I śmiesznie, i strasznie

"Epoką śmiechu" według powieści Ödöna von Horvätha, w adaptacji i reżyserii Adama Sroki, Teatr Bagatela rozpoczął zaplanowany do roku 2001 cykl widowisk "Ach ten wiek XX". Kończący się wiek to epoka wojen, których bezwzględność przewyższyła wszystko, czego ludzkość doświadczyła, a mimo to trwają nadal. Nic dziwnego, że bohaterem pierwszego przedstawienia jest żołnierz.
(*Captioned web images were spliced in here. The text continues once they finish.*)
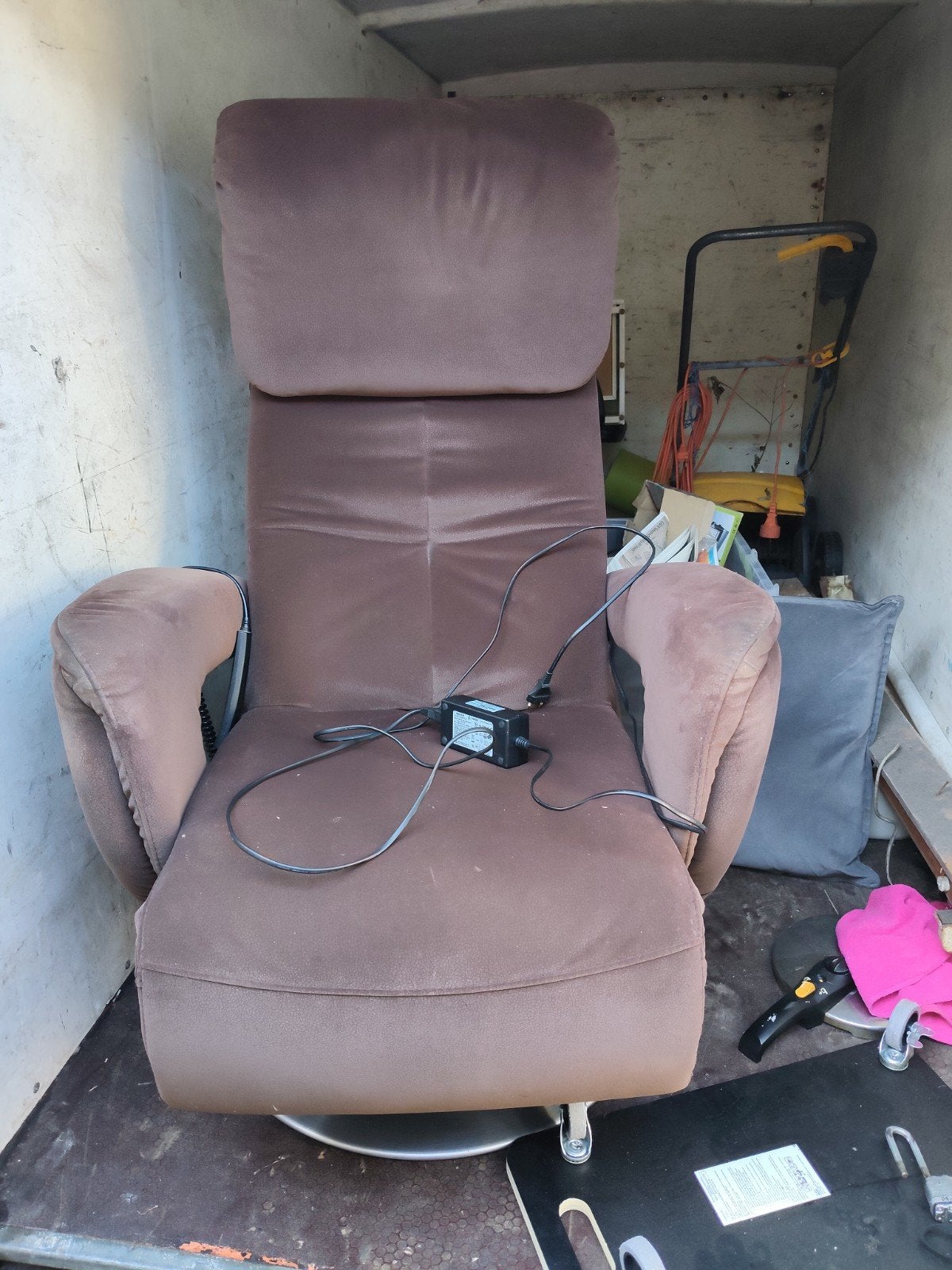 Hukla elektrische sta-op/ontspanningsstoel, Ophalen, Gebruikt, Bruin, Eén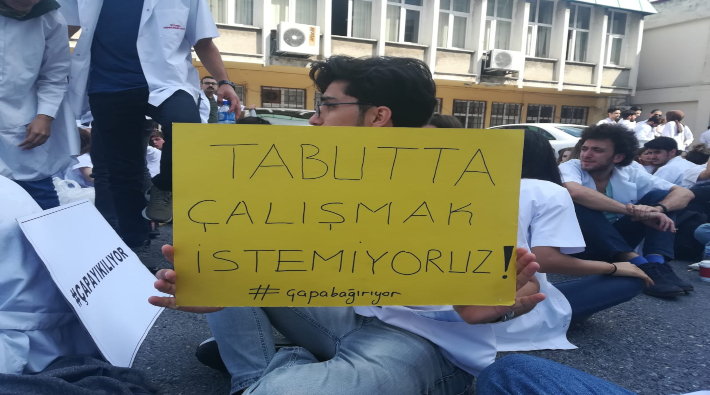 İstanbul Üniversitesi Diş Hekimliği Fakültesi öğrencileri ve çalışanları hasarlı binaya girmeyi reddetti!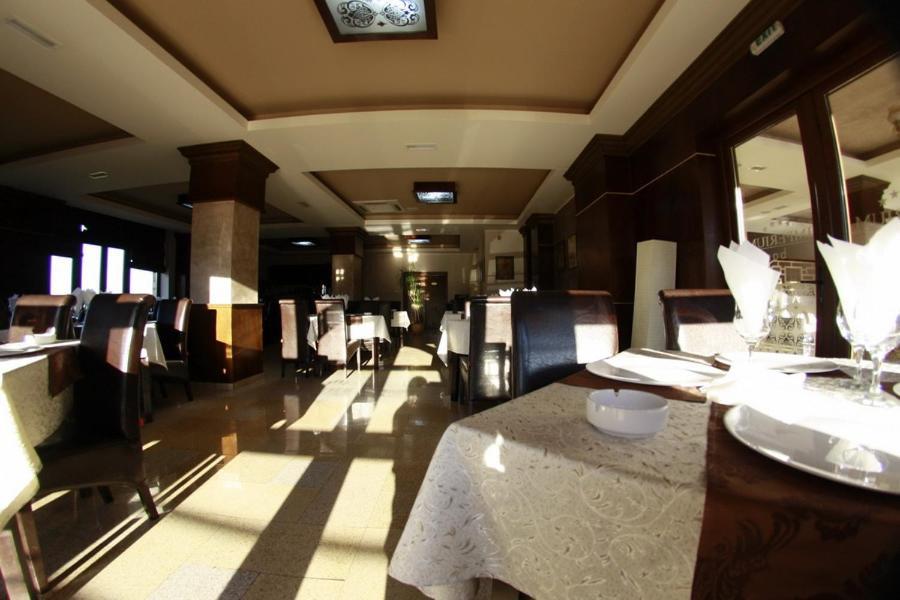 Hotel Imperium Suceava Bagian luar foto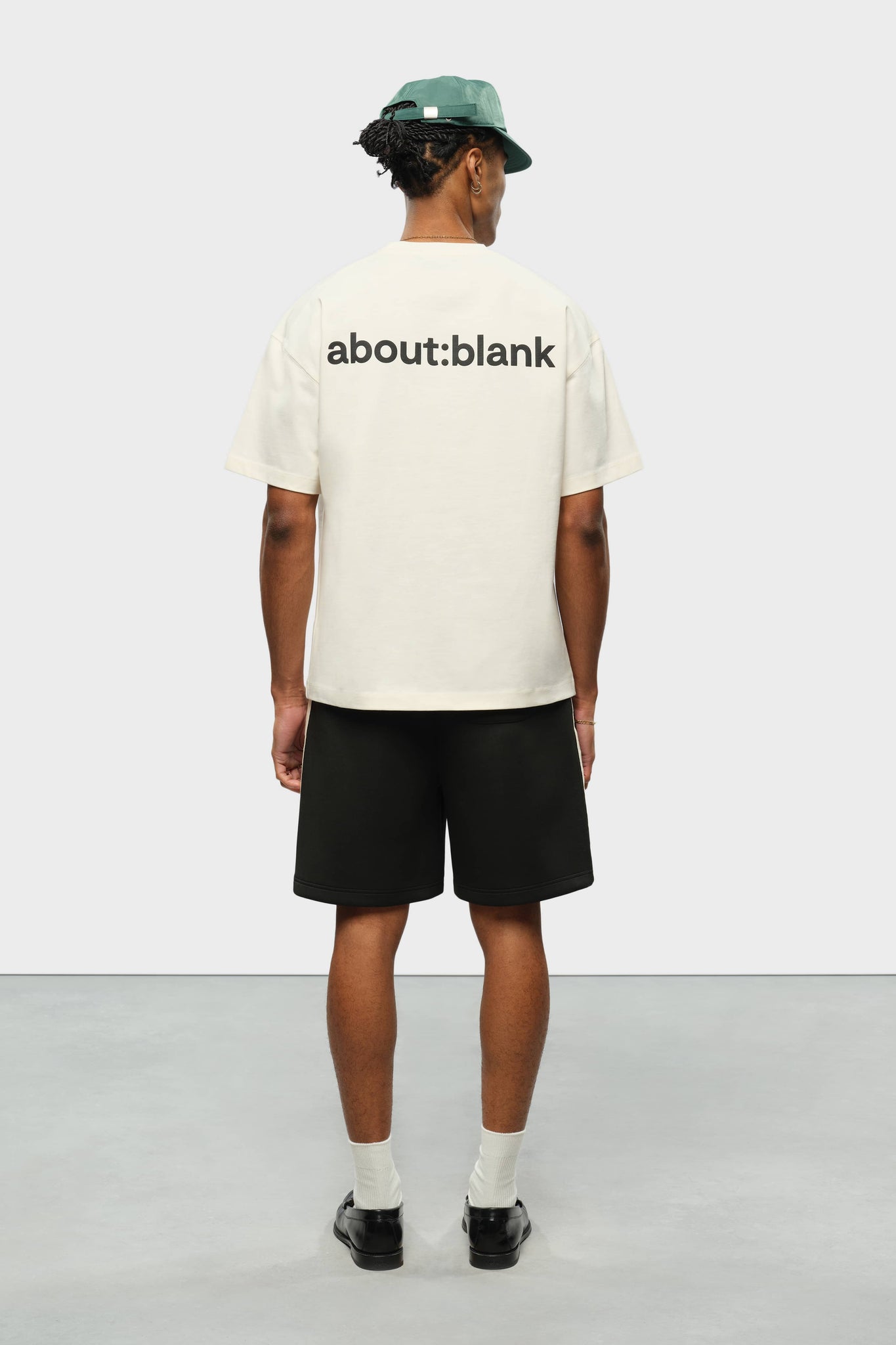 reverse t-shirt oat/black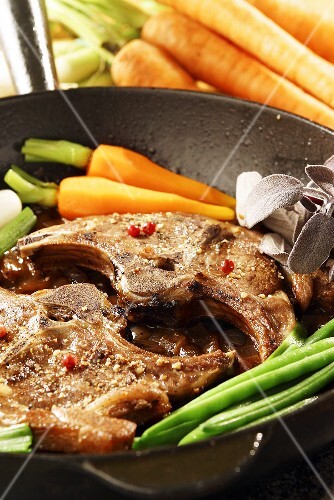 Gamshals mit Sommergemüse in der Pfanne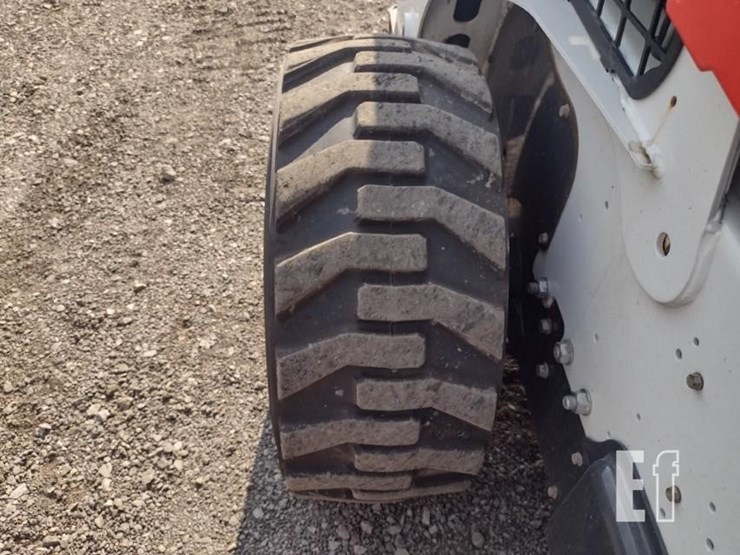 2022-bobcat-s740-image-24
Młody człowiek, wcześniej bezrobotny i nikomu niepotrzebny, odnalazł sens życia w wojskowej dyscyplinie. Na wojnie, próbując ratować życie kapitana-desperata, zostaje ranny i jako rekonwalescent na przepustce trafia do lunaparku. Gdy opowiada o swoich nadziejach i rozczarowaniach, jego naiwność wzrusza i przeraża zarazem. Odbija się w nich zagubienie i bezradność człowieka, który przestał rozumieć świat zagmatwany i pełen paradoksów. Świat, w którym wierność dawnym wartościom, takim jak: patriotyzm, poświęcenie, posłuszeństwo, prowa-dzi do katastrofy.

Rozterki prostego żołnierza, który ochoczo zwolnił się z myślenia, a teraz stopniowo zaczyna do niego docierać obłęd rzeczywistości, brzmią przejmująco w wykonaniu Dariusza Toczka: od pierwszej sceny, w której buńczucznie opowiada o wojennych przewagach, energicznie wymachując sztucznymi lodami, aż do finału, w którym bohater uświadamia sobie, że był kółkiem w bezdusznej machinie, a jego ofiara - stracił rękę - nie miała sensu. Postać przypomina ołowianego żołnierzyka-zabawkę: uśmiech triumfu lub szczęścia zastyga na jego twarzy niczym maska lalki.

Adaptacja Sroki ma niestety strukturę koncertu na jednego solistę, co nie służy dynamice spektaklu, choć młody aktor dobrze radzi sobie z nieustannymi monologami. Profesjonalnie partnerują mu Andrzej Kozak i Krzysztof Bochenek. Gorzej jest z postaciami Kobiety, a zwłaszcza Wdowy, które drażnią afektacją.

Prostota plastycznych efektów ociera się o banał: jako że część akcji toczy się w lunaparku, mamy pawilon-podest i wielofunkcyjne, jarmarczne budki, w których rozgrywają się wszystkie sceny. Trudno się oprzeć wrażeniu, że - może nawet przyjemne dla oka - zatłoczenie przestrzeni służy zbudowaniu jednej, niezbyt świeżej metafory: życie to lunapark, a szamotanina z losem upodabnia ludzi do kukiełek w rękach Opatrzności.

Pracownia

X
Nie jesteś zalogowany. Zaloguj się.
Trwa wyszukiwanie

Kafelki

Nakieruj na kafelki, aby zobaczyć ich opis.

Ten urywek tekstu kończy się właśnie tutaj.